1.大都会のターミナル駅なのに空気が緩い。決して揶揄してるわけではなく。なんていうか落ち着く。人間のペースと駅がシンクロしてるのが心地よい。

普段、東京駅とか凄まじい次元で人と電車が流れ込むスピードに呑まれてるから余計にそう感じるのかもしれない。

ホームから改札、コンコースに出るまでの通路も「昭和感」があってたまらない。配管がそのまま天井を伝ってるのもいい。階段周りのタイルも日常の美を感じる。ここに立ち飲みとかバルでもあったら通路をつまみに楽しめるのに。


2.きしめんスタンドがありすぎる。ほぼすべてのホームに「きしめん」が配置されてるのすごい。関西風でも関東風でもない、きしめん独特の甘辛い香りが誘惑する。あれ、なんだろうね。

東京駅なんて、駅そばがたくさんあっても不思議じゃないのに、実際には新幹線の18・19番ホームに1つしかない。ホームで何か食してる場合じゃない。みんな急いでるんだ。


3.煙の臭いがする。はい、もう意味わからない。何? 煙の臭いって。苦情? いや、ちがう。鉄分が好きな人にしか通じないかもしれないんだけど、JR名古屋駅って「気動車」の列車も多いんだ。

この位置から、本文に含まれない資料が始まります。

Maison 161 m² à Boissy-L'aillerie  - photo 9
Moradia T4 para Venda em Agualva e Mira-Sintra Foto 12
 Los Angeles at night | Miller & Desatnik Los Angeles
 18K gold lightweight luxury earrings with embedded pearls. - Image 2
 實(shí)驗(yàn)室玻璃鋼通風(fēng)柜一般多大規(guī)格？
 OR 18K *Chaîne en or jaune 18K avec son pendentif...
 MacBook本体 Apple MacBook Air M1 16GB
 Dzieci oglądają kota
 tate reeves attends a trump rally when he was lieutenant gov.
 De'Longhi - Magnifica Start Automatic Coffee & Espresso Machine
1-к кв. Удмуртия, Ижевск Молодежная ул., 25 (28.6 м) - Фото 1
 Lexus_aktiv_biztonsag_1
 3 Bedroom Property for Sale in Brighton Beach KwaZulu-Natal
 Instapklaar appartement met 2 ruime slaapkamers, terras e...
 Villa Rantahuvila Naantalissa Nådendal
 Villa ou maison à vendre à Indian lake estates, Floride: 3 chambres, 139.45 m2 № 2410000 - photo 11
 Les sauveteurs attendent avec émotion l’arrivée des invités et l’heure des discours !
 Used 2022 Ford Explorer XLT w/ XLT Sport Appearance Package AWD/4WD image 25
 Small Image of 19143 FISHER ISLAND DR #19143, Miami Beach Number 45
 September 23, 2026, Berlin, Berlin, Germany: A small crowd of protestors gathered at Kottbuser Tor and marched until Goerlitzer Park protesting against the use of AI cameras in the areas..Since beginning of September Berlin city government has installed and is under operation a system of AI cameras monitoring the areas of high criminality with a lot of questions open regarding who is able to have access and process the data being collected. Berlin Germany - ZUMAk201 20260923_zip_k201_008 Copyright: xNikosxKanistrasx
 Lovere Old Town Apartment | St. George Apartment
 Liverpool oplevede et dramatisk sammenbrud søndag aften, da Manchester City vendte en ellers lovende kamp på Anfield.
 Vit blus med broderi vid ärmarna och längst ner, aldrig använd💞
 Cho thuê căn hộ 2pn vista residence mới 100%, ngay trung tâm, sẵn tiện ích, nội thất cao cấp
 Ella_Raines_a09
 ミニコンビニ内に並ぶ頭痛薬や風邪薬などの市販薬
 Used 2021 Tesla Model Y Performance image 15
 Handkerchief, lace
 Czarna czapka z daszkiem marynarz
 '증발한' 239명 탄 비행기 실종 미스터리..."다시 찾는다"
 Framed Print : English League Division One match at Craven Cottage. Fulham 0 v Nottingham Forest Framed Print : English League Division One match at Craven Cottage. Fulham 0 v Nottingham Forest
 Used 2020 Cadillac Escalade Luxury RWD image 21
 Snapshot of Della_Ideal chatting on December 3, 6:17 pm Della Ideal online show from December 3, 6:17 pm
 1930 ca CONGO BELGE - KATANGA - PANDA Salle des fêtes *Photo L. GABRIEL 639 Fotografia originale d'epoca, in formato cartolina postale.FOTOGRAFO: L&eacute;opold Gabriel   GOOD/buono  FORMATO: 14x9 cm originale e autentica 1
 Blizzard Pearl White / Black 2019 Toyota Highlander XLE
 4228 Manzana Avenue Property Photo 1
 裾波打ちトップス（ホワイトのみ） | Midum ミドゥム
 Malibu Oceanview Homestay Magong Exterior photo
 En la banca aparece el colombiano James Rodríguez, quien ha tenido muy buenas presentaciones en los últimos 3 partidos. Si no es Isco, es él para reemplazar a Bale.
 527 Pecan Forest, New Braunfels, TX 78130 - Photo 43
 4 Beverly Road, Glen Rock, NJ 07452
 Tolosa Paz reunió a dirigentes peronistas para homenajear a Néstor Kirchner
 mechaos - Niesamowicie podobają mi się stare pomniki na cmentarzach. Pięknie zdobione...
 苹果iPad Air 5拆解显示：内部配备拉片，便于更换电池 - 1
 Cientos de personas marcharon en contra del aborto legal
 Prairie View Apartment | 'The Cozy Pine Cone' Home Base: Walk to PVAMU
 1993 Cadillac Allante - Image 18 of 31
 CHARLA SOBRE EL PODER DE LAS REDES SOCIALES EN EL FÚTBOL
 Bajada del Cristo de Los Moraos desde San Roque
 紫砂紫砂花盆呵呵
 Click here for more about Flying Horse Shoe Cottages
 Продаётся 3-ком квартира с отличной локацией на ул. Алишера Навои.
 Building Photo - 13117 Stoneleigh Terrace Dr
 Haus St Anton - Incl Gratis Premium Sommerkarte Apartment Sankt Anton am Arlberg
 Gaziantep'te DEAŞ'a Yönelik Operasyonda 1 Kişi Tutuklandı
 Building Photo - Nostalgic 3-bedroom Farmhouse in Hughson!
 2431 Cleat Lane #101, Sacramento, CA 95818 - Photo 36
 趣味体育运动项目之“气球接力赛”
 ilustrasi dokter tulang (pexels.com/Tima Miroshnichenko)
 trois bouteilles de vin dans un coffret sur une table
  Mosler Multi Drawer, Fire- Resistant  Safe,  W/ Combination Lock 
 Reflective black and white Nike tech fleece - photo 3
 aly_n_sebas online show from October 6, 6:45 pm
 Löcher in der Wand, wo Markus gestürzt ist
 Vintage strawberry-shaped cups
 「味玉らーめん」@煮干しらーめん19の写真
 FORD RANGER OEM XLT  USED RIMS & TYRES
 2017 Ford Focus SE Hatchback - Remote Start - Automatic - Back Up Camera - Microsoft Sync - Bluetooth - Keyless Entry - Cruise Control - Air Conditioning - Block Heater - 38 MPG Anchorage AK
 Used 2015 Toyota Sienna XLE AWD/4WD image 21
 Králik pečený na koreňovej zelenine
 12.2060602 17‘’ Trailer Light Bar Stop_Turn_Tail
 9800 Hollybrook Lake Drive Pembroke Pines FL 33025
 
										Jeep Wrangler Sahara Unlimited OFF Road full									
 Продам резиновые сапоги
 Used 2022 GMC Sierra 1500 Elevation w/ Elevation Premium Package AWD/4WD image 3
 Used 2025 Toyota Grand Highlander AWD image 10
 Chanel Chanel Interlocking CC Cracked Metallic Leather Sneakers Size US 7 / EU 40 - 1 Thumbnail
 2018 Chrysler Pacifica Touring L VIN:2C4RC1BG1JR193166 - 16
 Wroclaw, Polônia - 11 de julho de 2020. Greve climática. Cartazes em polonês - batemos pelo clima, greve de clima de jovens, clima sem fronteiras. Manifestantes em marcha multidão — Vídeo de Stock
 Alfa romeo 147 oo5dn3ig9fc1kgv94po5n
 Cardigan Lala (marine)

気動車は電気で走る電車と違って、主に軽油を燃料にしてディーゼルエンジンで走る。なので、どうしても発車時なんかとくに煙や臭いがする。まあ、そういうのは気になる人もいると思うけど、個人的にはバイブスが高くて好き。

いや、駅といえば最近は「駅ナカ」とかそっちのほうで楽しむイメージだけど、それだけじゃない位相もあるんだっていう話。コンテンツにもなりにくい、駅そのものの情緒とか駅の人生というか。

そういうのも、そっと言語化できたらいいなとひっそり思ってる。という、ほとんど共感要素ゼロに近い偏愛だけどよろしければご査収下さい。